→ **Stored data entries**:
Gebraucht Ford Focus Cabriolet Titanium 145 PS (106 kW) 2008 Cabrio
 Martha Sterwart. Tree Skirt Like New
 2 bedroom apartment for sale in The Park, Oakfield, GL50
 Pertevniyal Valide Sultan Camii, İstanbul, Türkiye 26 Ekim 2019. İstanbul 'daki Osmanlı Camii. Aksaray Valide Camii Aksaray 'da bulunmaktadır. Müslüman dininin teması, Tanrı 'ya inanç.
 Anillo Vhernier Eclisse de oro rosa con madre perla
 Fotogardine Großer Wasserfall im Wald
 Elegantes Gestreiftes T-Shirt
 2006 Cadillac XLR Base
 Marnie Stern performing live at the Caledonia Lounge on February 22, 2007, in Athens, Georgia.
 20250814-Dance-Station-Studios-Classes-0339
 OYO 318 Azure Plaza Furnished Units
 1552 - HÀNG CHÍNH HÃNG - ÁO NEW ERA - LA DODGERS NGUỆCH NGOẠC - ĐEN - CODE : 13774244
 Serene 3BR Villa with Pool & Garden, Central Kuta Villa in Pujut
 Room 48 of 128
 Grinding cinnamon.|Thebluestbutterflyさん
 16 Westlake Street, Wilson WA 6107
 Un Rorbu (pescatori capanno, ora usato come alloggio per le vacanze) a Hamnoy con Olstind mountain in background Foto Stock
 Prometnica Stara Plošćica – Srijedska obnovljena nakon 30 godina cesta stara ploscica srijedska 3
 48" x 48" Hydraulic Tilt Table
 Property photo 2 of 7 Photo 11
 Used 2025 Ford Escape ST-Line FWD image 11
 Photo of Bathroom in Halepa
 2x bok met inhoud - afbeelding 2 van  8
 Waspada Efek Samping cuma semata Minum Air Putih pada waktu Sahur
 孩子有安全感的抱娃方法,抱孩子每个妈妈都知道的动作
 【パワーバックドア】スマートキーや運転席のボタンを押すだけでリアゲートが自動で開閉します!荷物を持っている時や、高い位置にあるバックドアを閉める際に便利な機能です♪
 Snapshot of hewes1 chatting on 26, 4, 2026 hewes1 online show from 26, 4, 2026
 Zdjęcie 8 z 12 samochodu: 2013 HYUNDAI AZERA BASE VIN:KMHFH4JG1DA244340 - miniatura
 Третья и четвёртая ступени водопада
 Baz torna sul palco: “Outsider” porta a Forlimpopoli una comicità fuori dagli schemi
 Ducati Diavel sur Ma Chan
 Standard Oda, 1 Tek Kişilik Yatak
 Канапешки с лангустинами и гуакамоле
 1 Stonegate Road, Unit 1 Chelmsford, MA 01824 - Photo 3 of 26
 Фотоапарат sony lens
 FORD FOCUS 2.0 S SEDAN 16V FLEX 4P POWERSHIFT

→ **AIM OF THE TASK**: Produce only the lines from the line containing "Martha Sterwart. Tree Skirt Like New" through the line containing "OYO 318 Azure Plaza Furnished Units", inclusive of both, exactly as they stand in the entries above.

→ **TASK ANSWER**:
 Martha Sterwart. Tree Skirt Like New
 2 bedroom apartment for sale in The Park, Oakfield, GL50
 Pertevniyal Valide Sultan Camii, İstanbul, Türkiye 26 Ekim 2019. İstanbul 'daki Osmanlı Camii. Aksaray Valide Camii Aksaray 'da bulunmaktadır. Müslüman dininin teması, Tanrı 'ya inanç.
 Anillo Vhernier Eclisse de oro rosa con madre perla
 Fotogardine Großer Wasserfall im Wald
 Elegantes Gestreiftes T-Shirt
 2006 Cadillac XLR Base
 Marnie Stern performing live at the Caledonia Lounge on February 22, 2007, in Athens, Georgia.
 20250814-Dance-Station-Studios-Classes-0339
 OYO 318 Azure Plaza Furnished Units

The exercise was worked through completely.